┏━━
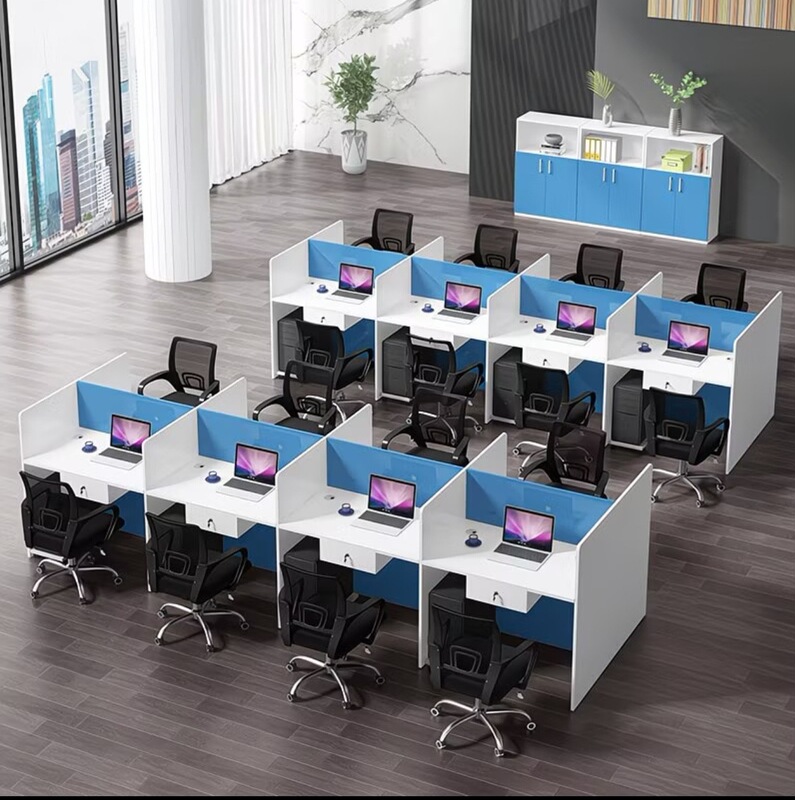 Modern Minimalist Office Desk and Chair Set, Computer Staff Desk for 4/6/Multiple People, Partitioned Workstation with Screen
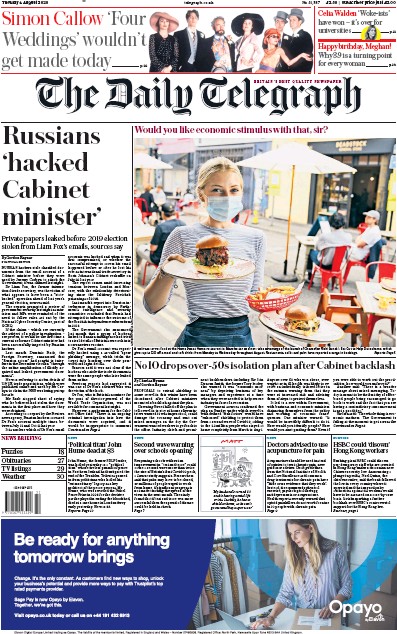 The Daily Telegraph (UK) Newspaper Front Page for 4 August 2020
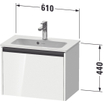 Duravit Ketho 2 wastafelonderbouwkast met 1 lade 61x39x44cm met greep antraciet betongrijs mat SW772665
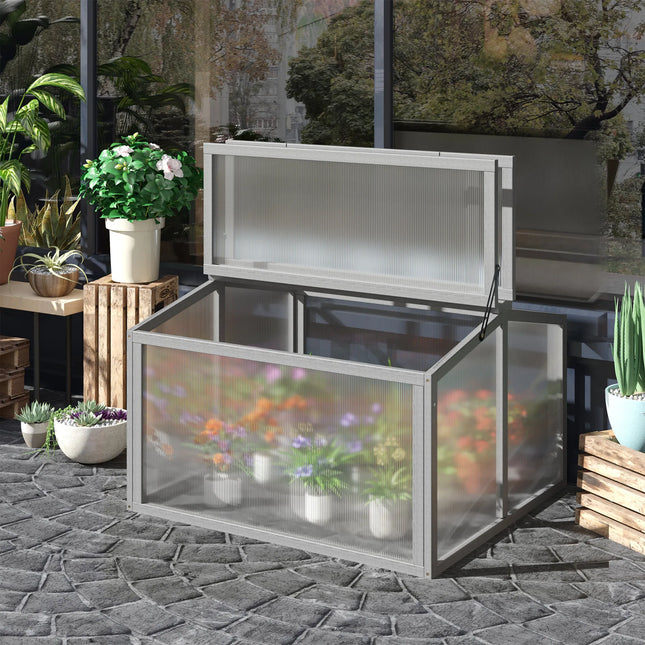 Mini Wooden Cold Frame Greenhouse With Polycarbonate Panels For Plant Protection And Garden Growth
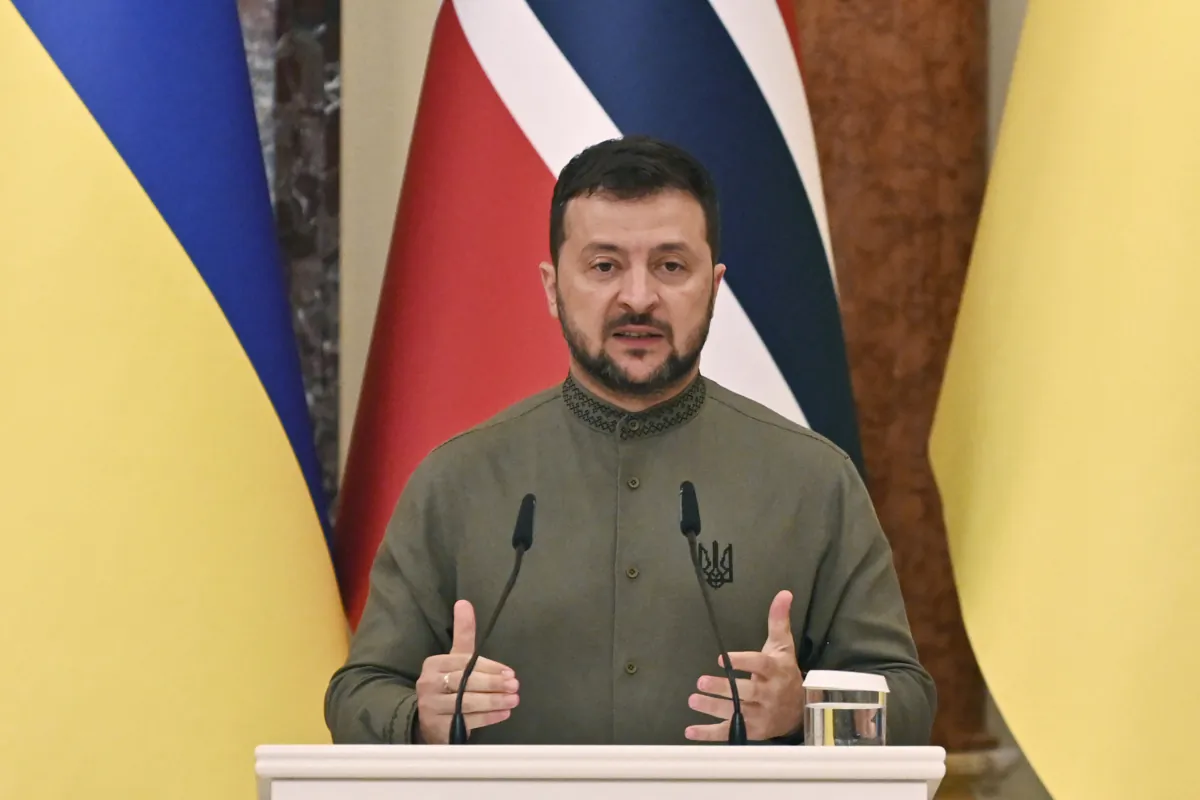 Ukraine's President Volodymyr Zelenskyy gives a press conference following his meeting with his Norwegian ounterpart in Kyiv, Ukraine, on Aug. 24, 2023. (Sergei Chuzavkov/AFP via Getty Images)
┗━━
Exactly repeat every line from the line that includes "Mini Wooden Cold" to the end of the listing, and nothing else, leaving pictures out.

OUTPUT FOR THIS TASK:
 Mini Wooden Cold Frame Greenhouse With Polycarbonate Panels For Plant Protection And Garden Growth
 Ukraine's President Volodymyr Zelenskyy gives a press conference following his meeting with his Norwegian ounterpart in Kyiv, Ukraine, on Aug. 24, 2023. (Sergei Chuzavkov/AFP via Getty Images)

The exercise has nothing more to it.